Will The Next Seattle Schools Superintendent Improve Outcomes For Students Of Color?
In his time as superintendent of Seattle Public Schools, Larry Nyland has said that it’s a “moral imperative” to ensure that every kid in Seattle gets a great education. But the district has not managed to eliminate troubling gaps that exist between white kids and students of color in things like test scores and graduation rates.
There has been some progress under Nyland. The use of suspensions and expulsions has been declining and is now below the state average. But the discipline rate for black and African-American students in the 2016-17 school year was 6.8 percent compared with 1.1 percent for white students.
The three candidates vying to take over for Nyland - Jeanice Swift, Denise Juneau and Andre Spencer - have all said they're committed to closing these gaps and making sure students of color get the resources and support they need. The school board is scheduled to announce its top candidate at Wednesday evening's meeting.
Seattle School Board director Marty McLaren said Nyland deserves credit for making racial equity a priority – something she hopes the next schools chief will continue. More than a third of schools have created racial equity teams.
“I’ve run into three different teachers just randomly in the last two months who have all spontaneously said the work that we’re doing at my school is really good. We are finally really talking about the issue of racism,” she said. “So right there that’s a huge shift.”

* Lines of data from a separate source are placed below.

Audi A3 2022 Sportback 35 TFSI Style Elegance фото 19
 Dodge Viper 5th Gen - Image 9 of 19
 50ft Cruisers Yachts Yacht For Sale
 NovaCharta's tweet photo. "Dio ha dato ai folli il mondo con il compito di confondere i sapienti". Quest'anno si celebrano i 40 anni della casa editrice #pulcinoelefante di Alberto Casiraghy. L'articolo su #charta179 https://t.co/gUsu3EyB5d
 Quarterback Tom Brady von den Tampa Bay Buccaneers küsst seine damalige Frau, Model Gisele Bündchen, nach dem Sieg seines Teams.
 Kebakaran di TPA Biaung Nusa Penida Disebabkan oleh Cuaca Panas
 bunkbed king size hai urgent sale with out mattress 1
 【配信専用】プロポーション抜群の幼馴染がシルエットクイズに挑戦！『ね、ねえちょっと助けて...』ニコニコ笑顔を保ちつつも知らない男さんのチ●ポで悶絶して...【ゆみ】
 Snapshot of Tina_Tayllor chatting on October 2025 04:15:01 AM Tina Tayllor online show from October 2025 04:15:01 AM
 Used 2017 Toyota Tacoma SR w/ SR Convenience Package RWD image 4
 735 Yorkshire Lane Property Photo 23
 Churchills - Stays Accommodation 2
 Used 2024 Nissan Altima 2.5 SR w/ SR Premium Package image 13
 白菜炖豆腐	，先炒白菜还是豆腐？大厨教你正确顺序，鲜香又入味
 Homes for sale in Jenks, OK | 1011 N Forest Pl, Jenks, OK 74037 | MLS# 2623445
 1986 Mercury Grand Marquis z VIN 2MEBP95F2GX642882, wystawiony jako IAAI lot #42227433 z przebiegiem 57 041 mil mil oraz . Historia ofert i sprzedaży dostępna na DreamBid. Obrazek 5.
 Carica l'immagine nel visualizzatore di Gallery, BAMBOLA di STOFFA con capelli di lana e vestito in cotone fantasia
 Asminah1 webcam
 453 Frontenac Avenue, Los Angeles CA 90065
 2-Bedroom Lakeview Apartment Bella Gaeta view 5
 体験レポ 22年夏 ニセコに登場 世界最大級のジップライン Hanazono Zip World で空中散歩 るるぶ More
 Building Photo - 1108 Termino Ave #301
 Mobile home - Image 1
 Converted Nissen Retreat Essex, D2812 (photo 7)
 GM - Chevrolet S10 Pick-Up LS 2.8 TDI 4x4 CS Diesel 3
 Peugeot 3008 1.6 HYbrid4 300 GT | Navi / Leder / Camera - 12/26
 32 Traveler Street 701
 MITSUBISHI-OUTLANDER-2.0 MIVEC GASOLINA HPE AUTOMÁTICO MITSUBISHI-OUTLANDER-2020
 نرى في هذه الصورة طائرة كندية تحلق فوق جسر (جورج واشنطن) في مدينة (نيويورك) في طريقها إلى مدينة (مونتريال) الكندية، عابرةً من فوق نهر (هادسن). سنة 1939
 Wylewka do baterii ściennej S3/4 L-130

McLaren took part in the African American Male Advisory Committee, a group that gave recommendations last fall on how to improve outcomes for black boys. Some of the committee’s suggestions include hiring more African-American teachers and helping middle school students plan career and college goals.
Sheldon Levias, Assistant Director of the Engineering Academic Center at the University of Washington College of Engineering, also took part in the committee. He said he wants to make sure the next superintendent continues the committee’s work on closing the opportunity gap for kids of color – a gap that has roots in long-standing segregation in Seattle dating back to restrictive covenants that prevented African-American people from buying houses in many parts of the city.
“It’s a difficult gap to close, but it’s even more difficult when people working to address it, that their work gets tossed aside, so I’m just really hopeful that what we’re working on can help to address this,” Levias said.
DeShawn Jackson is part of the racial equity team at John Muir Elementary School in Seattle’s Mount Baker neighborhood. He works as a student and family advocate at John Muir and said he thinks the district still has a long way to go to really achieve equity for students of color. Jackson said he’s frustrated by the lack of diversity in the district’s advanced learning programs.
“In some schools, it’s like having two different schools in one, and it’s been like that forever,” he said. “I think that causes a lot of separation and a lot of unfairness.”
Jackson said his school has successfully reduced suspensions for kids of color and developed an ethnic studies curriculum. But he said there’s still a lot of work the next superintendent will have to do to improve racial equity, including hiring more teachers of color and putting more experienced teachers in schools in the south end of the city.